Esse tipo de pressa nasce de estados como:
- medo de perder controle,
- dificuldade de sustentar o vazio entre uma ação e outra,
- ansiedade por resultado antes de compreensão,
- necessidade de resolver para aliviar desconforto interno.
Ou seja, a pressa não é causada pelo excesso de tarefas, mas pela incapacidade de permanecer consciente diante do que ainda não está resolvido. Quando o sujeito não tolera a espera, a dúvida ou o silêncio, ele acelera. E acelera não para avançar, mas para fugir do incômodo de sentir.
A pressa, nesse sentido, funciona como anestesia.
A mente acelera quando perde critério
A consciência organizada distingue o que é essencial do que é acessório. Ela hierarquiza, seleciona, decide com base em sentido. Quando essa organização se perde, a mente entra em hiperatividade.
Sem critério interno:
- tudo parece igualmente importante,
- tudo exige resposta imediata,
- tudo gera tensão.
A mente, então, tenta compensar a ausência de eixo com velocidade. Mas velocidade não cria critério. Apenas cria movimento.
Na Ontoanálise, chamamos isso de substituição do eixo pela urgência. A pessoa não sabe mais o que merece energia, então distribui energia em excesso. O resultado não é produtividade, é desgaste.
Quando a mente corre, geralmente é porque não sabe onde parar.
Os custos da pressa: erro, ruído e impulsividade
A pressa cobra um preço alto, ainda que silencioso. Entre os principais custos estão:
- Erro: decisões tomadas rápido demais ignoram nuances importantes. O que parece ganho de tempo vira retrabalho.
- Ruído: comunicação apressada gera mal-entendidos, conflitos desnecessários e desgaste relacional.
- Impulsividade: respostas sem elaboração emocional criam arrependimento, culpa e confusão posterior.
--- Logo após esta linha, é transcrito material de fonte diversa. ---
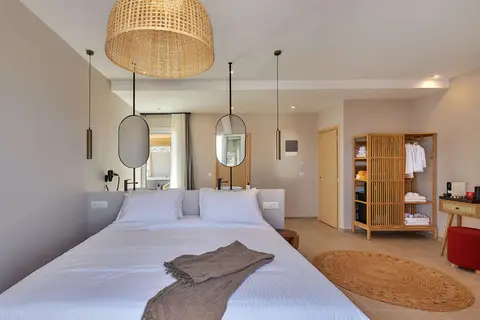 Lotus Rise Hotel in Chersonissos, foto 7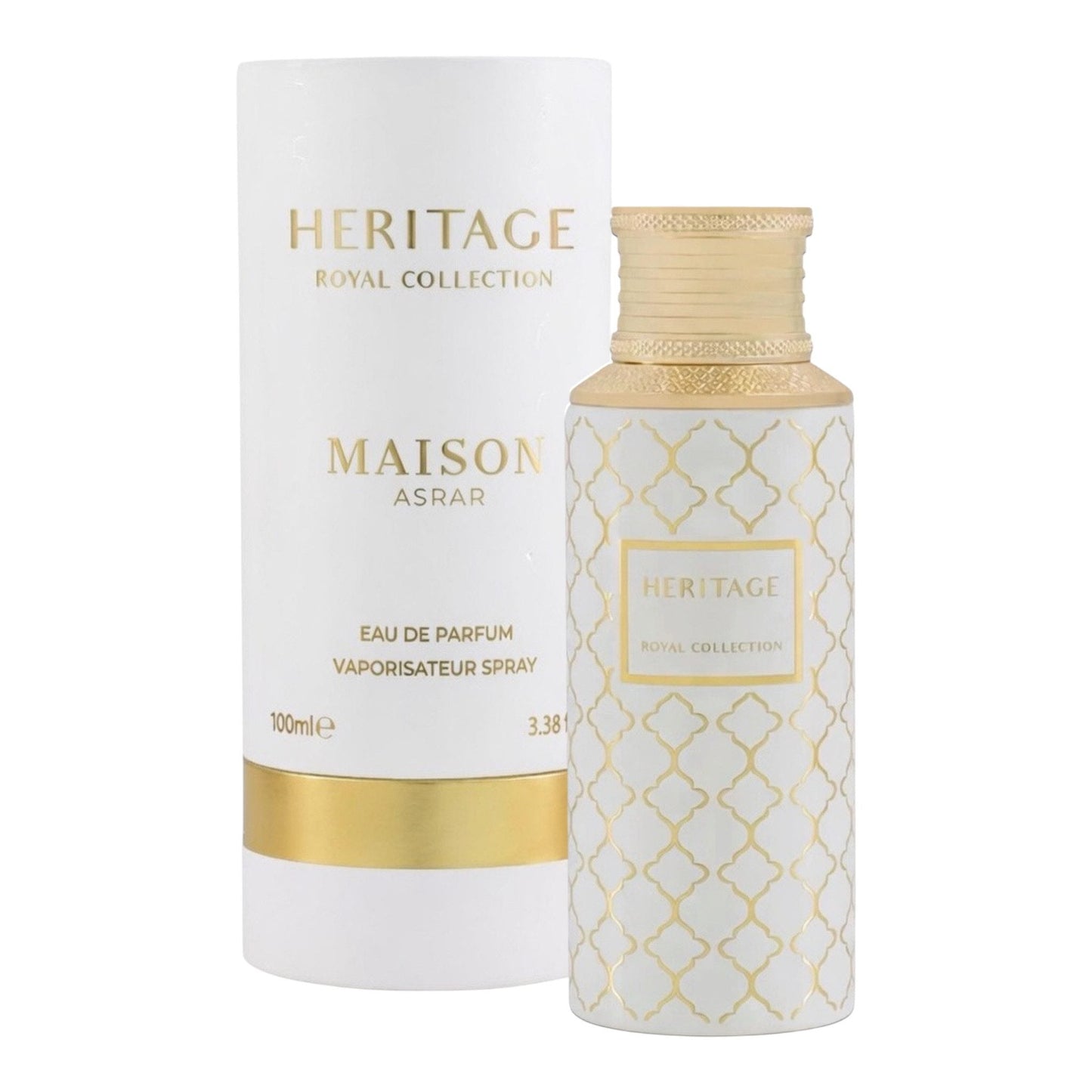 Maison Asrar Heritage Eau de Parfum 100 ml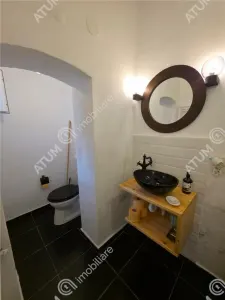 De vanzare apartament cu 2 camere si gradina la casa in zona Terezian in Sibiu - foto 13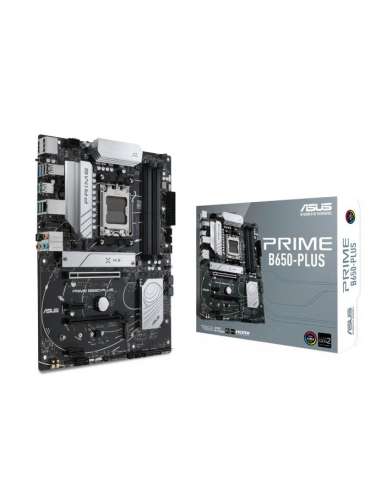 Mainboard, ASUS, AMD B650, SAM5, ATX, Memory DDR5, Memory slots 4, 2xPCI-Express 4.0 1x, 2xPCI-Express 4.0 16x, 2xM.2, 1xHDMI, 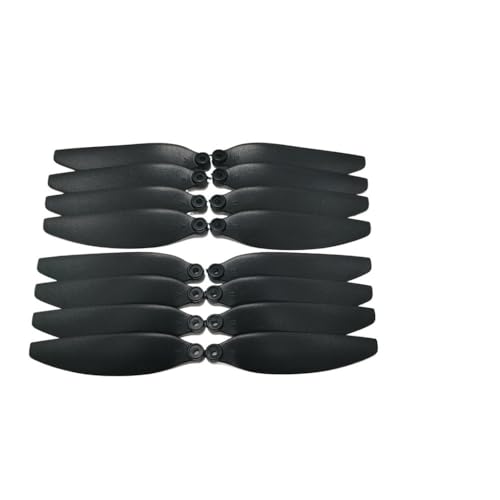 dEieHKw Flügel CW CCW Lüfter Rotorblatt Professionelle 8K Kamera Luft FPV Pinsel Vermeidung von Hindernissen Mit Großbildfernbedienung for SG901 MAX(2 Set) von dEieHKw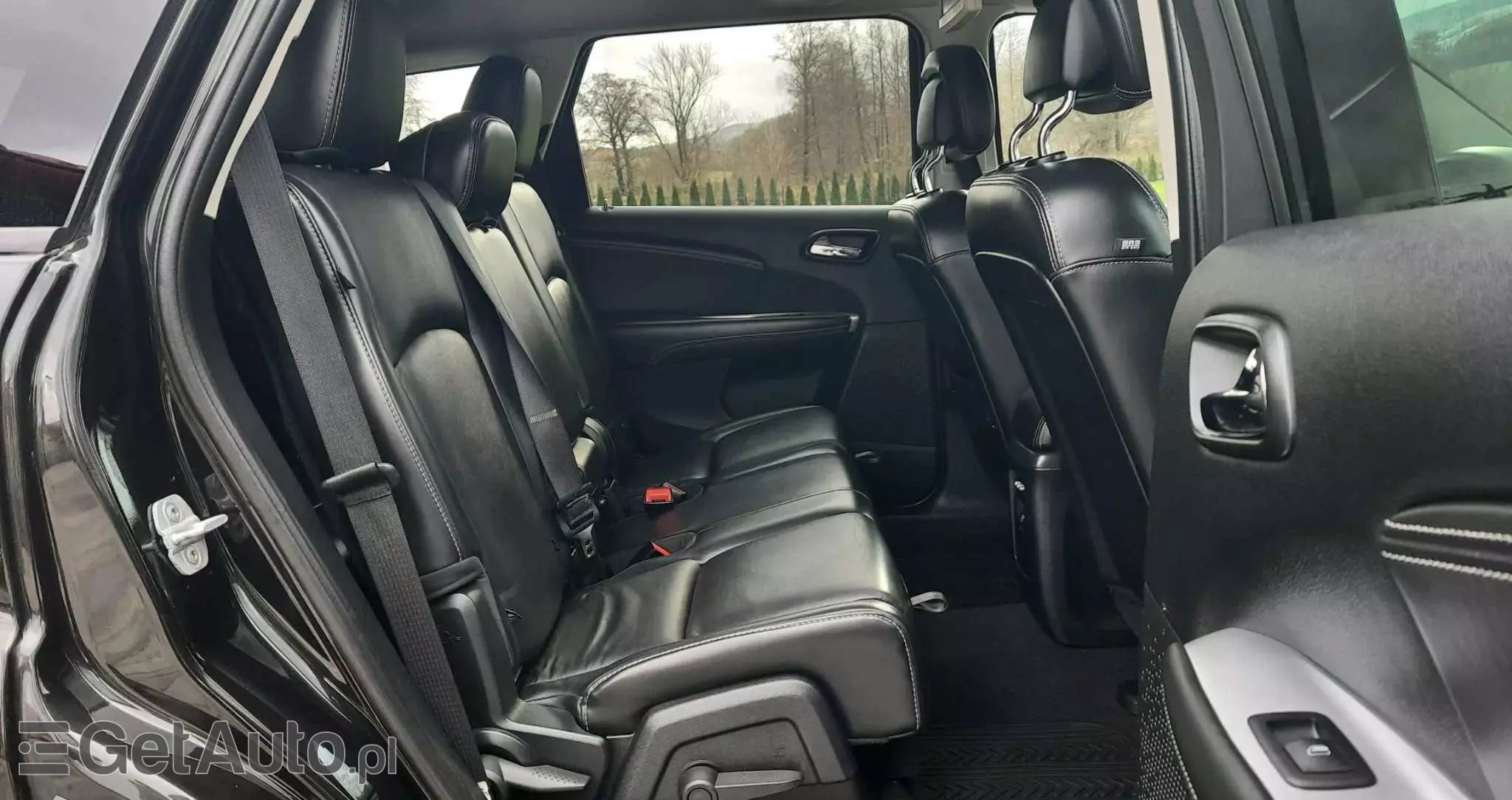 FIAT Freemont 2.0 Multijet Lounge AWD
- Desgaste psíquico: o corpo entra em estado de alerta contínuo, mesmo sem ameaça real.
A pressa não acelera a vida, ela fragmenta a experiência. O sujeito faz muito, mas integra pouco. Age, mas não sustenta. Decide, mas não sente.
Com o tempo, essa fragmentação gera cansaço profundo, sensação de vazio e perda de sentido, terreno fértil para o burnout e para crises existenciais que não são compreendidas na origem.
Voltar ao eixo: presença e prioridade
Organizar a consciência não significa fazer menos, mas agir a partir do lugar certo. O retorno ao eixo acontece quando a pessoa recupera duas capacidades fundamentais: presença e prioridade.
Presença é estar inteiro no que se faz, sem antecipar o próximo passo como fuga. Prioridade é reconhecer que nem tudo precisa ser resolvido agora, e que algumas coisas só se resolvem quando são sentidas, não aceleradas.
Voltar ao eixo envolve:
- desacelerar a resposta para recuperar clareza,
- sustentar o silêncio antes da decisão,
- distinguir urgência real de ansiedade interna,
- permitir que o sentido venha antes da ação.
Quando a consciência retoma o comando, a pressa perde força. Não porque o mundo ficou mais lento, mas porque o interno se organizou.
Conclusão
A pressa não é sinal de eficiência. É sinal de desorganização da consciência. Sempre que tudo parece urgente, é preciso investigar o que perdeu prioridade dentro.
A Ontoanálise não propõe lentidão, mas lucidez. Não propõe parar a vida, mas recolocar o eixo. Quando o sujeito age a partir do centro, a ação ganha precisão, o corpo sai do alerta constante e a mente volta a servir, em vez de comandar.
Nem tudo que corre avança.
E nem tudo que desacelera perde tempo.
Às vezes, desacelerar é exatamente o que devolve direção.